### EXERCISE BRIEF
From the first line through the one containing "used 2023 Nissan", restate the listing word for word, and give no other lines.

%%

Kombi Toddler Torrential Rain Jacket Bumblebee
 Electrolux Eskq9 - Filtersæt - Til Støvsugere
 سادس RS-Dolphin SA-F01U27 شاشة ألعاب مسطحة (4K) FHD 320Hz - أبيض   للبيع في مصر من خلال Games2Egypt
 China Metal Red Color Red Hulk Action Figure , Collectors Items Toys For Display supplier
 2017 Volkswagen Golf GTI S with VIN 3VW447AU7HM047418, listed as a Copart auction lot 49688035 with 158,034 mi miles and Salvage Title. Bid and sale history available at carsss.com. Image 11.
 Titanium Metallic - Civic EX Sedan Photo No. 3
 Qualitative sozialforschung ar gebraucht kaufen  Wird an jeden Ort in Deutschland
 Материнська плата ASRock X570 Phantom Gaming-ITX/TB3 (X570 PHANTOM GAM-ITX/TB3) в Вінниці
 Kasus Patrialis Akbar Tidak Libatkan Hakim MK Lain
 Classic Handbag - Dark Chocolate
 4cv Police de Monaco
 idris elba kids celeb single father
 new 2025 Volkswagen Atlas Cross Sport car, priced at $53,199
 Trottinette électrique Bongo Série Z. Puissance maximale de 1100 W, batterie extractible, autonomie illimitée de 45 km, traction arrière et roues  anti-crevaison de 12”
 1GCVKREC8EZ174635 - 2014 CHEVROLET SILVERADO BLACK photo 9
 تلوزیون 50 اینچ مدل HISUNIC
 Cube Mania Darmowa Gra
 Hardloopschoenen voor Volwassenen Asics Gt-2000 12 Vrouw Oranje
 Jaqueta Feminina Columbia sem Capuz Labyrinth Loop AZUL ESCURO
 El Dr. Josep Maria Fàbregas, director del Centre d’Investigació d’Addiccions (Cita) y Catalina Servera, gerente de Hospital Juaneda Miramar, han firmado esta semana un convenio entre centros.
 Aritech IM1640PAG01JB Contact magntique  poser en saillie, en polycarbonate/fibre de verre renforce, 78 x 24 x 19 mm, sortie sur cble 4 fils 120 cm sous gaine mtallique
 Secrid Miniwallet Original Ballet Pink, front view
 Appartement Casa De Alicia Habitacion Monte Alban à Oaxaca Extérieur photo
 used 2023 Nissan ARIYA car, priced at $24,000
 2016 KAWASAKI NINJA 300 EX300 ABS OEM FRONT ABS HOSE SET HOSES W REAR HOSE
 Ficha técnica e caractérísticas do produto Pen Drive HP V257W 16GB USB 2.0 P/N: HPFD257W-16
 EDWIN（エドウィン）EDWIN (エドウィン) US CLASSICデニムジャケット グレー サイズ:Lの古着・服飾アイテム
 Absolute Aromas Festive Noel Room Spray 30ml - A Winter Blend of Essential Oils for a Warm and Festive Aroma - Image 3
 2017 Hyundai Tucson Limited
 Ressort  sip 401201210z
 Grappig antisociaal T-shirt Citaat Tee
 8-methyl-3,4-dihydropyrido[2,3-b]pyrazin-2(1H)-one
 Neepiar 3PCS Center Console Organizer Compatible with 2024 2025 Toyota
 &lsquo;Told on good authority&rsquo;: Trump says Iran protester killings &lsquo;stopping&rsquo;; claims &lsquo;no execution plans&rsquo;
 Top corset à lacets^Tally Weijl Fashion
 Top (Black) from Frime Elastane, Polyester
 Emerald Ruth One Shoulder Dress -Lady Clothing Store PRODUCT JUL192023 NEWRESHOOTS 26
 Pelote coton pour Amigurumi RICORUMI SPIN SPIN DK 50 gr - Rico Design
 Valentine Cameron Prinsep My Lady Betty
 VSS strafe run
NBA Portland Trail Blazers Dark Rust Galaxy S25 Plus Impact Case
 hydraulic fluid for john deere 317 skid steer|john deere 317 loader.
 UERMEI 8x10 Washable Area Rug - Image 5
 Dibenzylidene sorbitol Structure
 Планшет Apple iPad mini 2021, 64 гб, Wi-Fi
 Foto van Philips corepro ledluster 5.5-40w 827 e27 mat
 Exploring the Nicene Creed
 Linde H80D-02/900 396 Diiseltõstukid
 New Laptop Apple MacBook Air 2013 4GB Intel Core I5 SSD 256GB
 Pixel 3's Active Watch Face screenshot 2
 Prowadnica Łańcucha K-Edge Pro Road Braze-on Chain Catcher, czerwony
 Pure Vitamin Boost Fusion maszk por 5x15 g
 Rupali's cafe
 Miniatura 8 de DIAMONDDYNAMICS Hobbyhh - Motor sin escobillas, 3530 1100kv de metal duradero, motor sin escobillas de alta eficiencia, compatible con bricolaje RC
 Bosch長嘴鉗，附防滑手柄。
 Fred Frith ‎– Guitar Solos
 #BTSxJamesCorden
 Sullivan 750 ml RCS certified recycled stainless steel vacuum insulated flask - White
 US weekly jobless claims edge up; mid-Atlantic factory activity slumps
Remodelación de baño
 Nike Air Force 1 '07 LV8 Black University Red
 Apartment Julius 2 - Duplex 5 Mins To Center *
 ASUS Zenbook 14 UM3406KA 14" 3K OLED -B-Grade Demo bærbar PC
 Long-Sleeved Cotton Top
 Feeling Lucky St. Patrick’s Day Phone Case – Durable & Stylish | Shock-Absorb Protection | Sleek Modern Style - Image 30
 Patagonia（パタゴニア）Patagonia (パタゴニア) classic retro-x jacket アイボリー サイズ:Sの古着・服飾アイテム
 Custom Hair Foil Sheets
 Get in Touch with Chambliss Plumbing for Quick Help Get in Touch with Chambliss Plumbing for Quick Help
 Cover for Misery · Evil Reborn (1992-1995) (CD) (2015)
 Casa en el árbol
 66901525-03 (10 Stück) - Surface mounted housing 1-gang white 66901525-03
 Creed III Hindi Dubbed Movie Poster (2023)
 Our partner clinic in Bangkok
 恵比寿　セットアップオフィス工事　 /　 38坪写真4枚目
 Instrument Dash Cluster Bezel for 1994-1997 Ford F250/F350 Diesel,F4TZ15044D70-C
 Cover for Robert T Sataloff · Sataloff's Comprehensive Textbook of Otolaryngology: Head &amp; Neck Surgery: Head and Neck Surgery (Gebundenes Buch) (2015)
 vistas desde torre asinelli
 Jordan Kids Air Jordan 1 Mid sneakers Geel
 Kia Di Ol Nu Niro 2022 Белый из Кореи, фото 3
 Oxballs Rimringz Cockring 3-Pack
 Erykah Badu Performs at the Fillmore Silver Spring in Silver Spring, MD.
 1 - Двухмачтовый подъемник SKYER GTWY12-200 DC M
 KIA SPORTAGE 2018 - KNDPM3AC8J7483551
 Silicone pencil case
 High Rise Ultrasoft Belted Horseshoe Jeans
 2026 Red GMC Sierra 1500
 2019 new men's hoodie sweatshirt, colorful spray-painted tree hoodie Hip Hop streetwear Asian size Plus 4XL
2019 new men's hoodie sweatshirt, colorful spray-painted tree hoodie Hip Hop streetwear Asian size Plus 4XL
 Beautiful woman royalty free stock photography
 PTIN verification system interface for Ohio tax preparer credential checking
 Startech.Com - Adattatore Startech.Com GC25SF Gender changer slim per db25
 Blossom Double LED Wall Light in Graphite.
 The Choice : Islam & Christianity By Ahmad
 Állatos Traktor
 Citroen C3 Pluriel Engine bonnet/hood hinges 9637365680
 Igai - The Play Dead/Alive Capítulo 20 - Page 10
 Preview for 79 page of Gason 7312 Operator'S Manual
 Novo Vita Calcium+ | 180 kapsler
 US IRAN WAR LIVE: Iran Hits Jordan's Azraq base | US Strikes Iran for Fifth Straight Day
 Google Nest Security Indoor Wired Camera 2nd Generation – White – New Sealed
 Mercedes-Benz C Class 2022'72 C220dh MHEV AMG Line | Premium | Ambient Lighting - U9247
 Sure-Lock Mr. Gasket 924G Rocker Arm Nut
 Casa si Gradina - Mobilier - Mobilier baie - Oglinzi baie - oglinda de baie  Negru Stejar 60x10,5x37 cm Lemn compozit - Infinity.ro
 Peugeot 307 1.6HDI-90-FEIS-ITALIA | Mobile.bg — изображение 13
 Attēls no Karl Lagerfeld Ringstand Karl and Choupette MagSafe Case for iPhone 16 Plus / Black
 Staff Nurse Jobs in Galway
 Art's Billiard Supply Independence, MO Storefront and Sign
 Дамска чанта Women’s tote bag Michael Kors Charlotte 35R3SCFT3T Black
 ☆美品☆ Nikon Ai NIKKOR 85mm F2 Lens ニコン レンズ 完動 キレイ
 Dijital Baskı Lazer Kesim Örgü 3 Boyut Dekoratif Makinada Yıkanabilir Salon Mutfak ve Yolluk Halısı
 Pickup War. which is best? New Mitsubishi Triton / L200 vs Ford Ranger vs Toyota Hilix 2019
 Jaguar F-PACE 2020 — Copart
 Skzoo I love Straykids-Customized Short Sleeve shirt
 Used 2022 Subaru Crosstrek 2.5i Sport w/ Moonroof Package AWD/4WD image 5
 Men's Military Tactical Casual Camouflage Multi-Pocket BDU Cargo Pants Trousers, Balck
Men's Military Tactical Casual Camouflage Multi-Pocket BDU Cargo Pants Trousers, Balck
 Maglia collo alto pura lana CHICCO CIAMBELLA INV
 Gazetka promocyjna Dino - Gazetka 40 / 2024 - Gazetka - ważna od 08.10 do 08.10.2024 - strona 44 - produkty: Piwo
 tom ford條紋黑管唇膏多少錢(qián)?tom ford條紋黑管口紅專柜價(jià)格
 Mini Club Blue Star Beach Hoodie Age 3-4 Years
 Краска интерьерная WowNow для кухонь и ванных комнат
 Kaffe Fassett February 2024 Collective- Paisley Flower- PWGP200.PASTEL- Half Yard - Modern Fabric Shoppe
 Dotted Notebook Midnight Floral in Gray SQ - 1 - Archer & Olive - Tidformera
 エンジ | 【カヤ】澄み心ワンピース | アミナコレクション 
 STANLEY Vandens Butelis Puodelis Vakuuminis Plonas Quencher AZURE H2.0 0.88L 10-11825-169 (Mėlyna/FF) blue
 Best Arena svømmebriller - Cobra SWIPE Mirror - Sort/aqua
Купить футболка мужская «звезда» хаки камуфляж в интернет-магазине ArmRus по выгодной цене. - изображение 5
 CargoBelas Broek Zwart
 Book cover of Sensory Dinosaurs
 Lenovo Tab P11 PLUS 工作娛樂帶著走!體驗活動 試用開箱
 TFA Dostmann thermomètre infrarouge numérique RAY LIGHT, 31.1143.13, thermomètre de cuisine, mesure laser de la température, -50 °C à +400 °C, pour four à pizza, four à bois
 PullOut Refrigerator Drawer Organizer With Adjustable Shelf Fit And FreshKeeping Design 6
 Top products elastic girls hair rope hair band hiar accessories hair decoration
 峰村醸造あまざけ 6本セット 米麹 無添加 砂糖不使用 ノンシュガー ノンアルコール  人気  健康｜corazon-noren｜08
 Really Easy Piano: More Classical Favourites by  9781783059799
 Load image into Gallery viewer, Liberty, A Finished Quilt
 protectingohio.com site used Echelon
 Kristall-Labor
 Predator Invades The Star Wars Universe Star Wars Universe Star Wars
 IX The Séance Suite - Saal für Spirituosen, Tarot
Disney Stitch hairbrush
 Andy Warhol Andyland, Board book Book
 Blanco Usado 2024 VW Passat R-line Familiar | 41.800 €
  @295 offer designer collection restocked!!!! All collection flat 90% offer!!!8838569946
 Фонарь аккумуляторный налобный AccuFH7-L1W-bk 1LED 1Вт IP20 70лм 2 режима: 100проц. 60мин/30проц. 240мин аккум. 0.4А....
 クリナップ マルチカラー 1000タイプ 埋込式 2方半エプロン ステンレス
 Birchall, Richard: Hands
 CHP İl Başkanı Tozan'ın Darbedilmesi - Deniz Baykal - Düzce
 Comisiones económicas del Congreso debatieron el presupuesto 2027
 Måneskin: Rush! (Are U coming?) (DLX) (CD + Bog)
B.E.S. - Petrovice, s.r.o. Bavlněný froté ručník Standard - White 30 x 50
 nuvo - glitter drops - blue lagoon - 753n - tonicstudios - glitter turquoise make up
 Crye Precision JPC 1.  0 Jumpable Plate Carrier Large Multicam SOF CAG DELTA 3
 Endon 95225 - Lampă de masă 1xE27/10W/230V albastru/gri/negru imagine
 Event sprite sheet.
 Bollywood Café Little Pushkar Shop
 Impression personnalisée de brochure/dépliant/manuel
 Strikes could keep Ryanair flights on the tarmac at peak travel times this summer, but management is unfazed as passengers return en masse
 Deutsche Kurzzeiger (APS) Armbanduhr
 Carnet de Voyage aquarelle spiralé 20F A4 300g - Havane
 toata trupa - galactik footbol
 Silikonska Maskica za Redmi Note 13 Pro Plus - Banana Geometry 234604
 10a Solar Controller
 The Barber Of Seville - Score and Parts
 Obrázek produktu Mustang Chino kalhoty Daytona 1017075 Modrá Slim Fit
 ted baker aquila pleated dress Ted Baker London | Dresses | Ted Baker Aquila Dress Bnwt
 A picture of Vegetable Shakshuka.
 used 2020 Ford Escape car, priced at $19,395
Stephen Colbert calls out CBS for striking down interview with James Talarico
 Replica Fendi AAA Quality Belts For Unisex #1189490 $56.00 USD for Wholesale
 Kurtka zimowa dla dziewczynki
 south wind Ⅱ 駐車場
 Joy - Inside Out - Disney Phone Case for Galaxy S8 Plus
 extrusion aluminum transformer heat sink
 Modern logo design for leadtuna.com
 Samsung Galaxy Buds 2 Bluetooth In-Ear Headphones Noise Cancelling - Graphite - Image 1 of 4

%%

### ANSWER BELOW
Kombi Toddler Torrential Rain Jacket Bumblebee
 Electrolux Eskq9 - Filtersæt - Til Støvsugere
 سادس RS-Dolphin SA-F01U27 شاشة ألعاب مسطحة (4K) FHD 320Hz - أبيض   للبيع في مصر من خلال Games2Egypt
 China Metal Red Color Red Hulk Action Figure , Collectors Items Toys For Display supplier
 2017 Volkswagen Golf GTI S with VIN 3VW447AU7HM047418, listed as a Copart auction lot 49688035 with 158,034 mi miles and Salvage Title. Bid and sale history available at carsss.com. Image 11.
 Titanium Metallic - Civic EX Sedan Photo No. 3
 Qualitative sozialforschung ar gebraucht kaufen  Wird an jeden Ort in Deutschland
 Материнська плата ASRock X570 Phantom Gaming-ITX/TB3 (X570 PHANTOM GAM-ITX/TB3) в Вінниці
 Kasus Patrialis Akbar Tidak Libatkan Hakim MK Lain
 Classic Handbag - Dark Chocolate
 4cv Police de Monaco
 idris elba kids celeb single father
 new 2025 Volkswagen Atlas Cross Sport car, priced at $53,199
 Trottinette électrique Bongo Série Z. Puissance maximale de 1100 W, batterie extractible, autonomie illimitée de 45 km, traction arrière et roues  anti-crevaison de 12”
 1GCVKREC8EZ174635 - 2014 CHEVROLET SILVERADO BLACK photo 9
 تلوزیون 50 اینچ مدل HISUNIC
 Cube Mania Darmowa Gra
 Hardloopschoenen voor Volwassenen Asics Gt-2000 12 Vrouw Oranje
 Jaqueta Feminina Columbia sem Capuz Labyrinth Loop AZUL ESCURO
 El Dr. Josep Maria Fàbregas, director del Centre d’Investigació d’Addiccions (Cita) y Catalina Servera, gerente de Hospital Juaneda Miramar, han firmado esta semana un convenio entre centros.
 Aritech IM1640PAG01JB Contact magntique  poser en saillie, en polycarbonate/fibre de verre renforce, 78 x 24 x 19 mm, sortie sur cble 4 fils 120 cm sous gaine mtallique
 Secrid Miniwallet Original Ballet Pink, front view
 Appartement Casa De Alicia Habitacion Monte Alban à Oaxaca Extérieur photo
 used 2023 Nissan ARIYA car, priced at $24,000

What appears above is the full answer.